Governor Yemi Cardoso of the Central Bank of Nigeria (CBN) disclosed that law enforcement agencies are currently investigating foreign exchange forwards valued at $2.4 billion.

This announcement came in the wake of the Monetary Policy Committee (MPC) meeting held in Abuja on Tuesday, March 26.

Governor Cardoso shed light on the meticulous forensic audit conducted on these transactions, which uncovered numerous discrepancies, rendering them ineligible for payment.

The CBN, while settling certain tranches of FX backlog, encountered transactions riddled with issues concerning their authenticity.

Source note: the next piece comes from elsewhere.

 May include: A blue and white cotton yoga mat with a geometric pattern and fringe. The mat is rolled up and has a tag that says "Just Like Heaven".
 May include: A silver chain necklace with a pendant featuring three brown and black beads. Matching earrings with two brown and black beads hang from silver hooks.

To address these concerns, Deloitte management consultants were enlisted to conduct a comprehensive forensic analysis spanning several months.

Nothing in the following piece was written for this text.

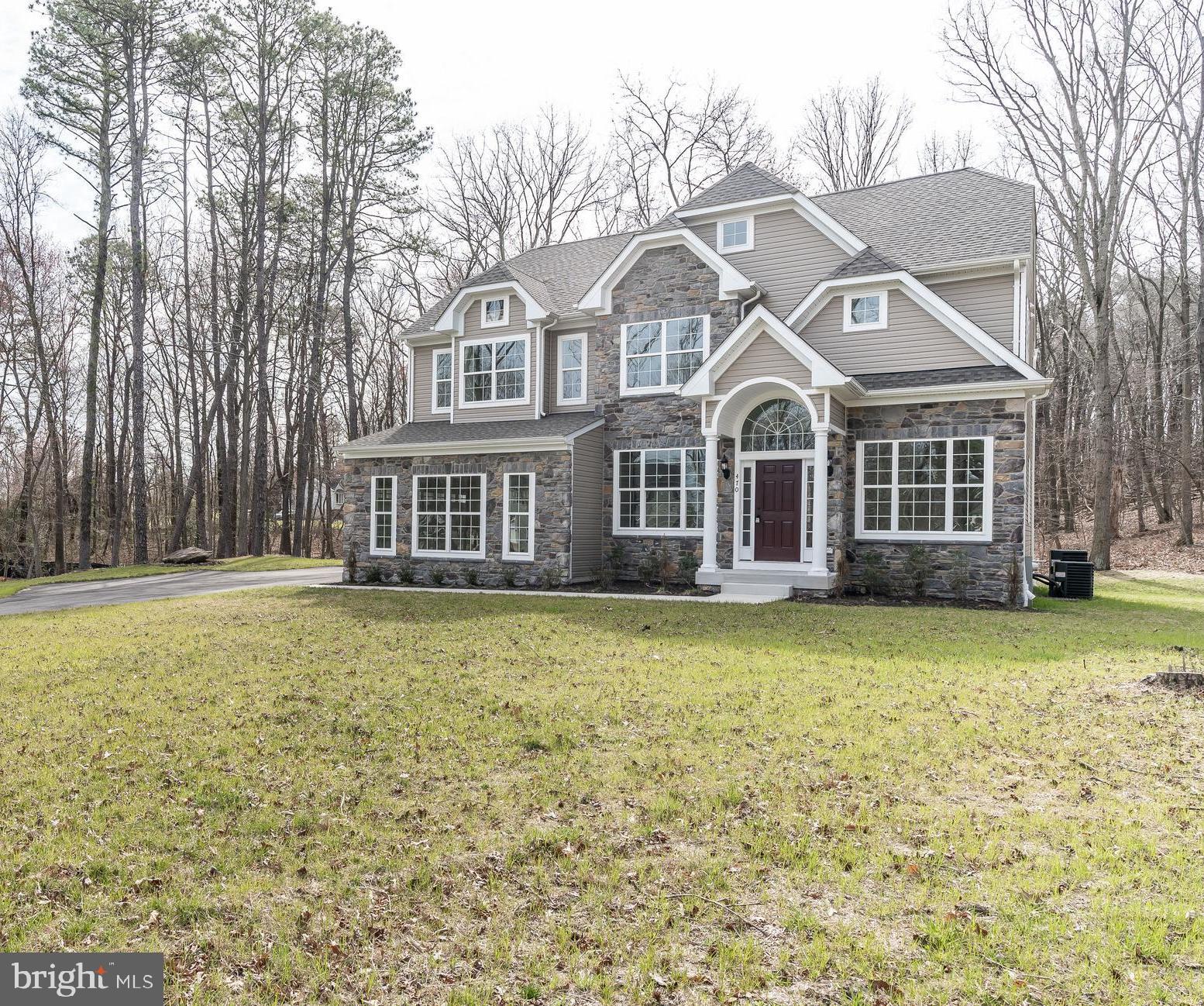 470 Queenstown Road Severn, MD 21144 - Photo 2 of 56 a front view of a house with a garden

The audit revealed a multitude of irregularities, including allocations disbursed without corresponding requests, lack of proper documentation, and instances of outright illegality.

Cardoso emphasized the gravity of the situation, stating, “We refused to validate them because, apart from the fact that documentation was not satisfactory in many cases, they were outright illegal.”

He underscored the commitment of law enforcement agencies to investigate these transactions thoroughly.

Despite concerns about potential backlogs among stakeholders, Cardoso assured that the market remains open and transparent for addressing any outstanding contractual obligations.

The CBN has diligently verified and settled recognized backlogs of forward transactions.

This revelation comes at a critical juncture as Nigeria grapples with economic challenges, including inflationary pressures.

The MPC’s decision to raise the benchmark interest rate to 24.75 percent reflects efforts to stabilize prices and restore the purchasing power of the average Nigerian.

As investigations unfold and regulatory scrutiny intensifies, the CBN’s commitment to transparency and financial integrity will be closely monitored by stakeholders across the nation.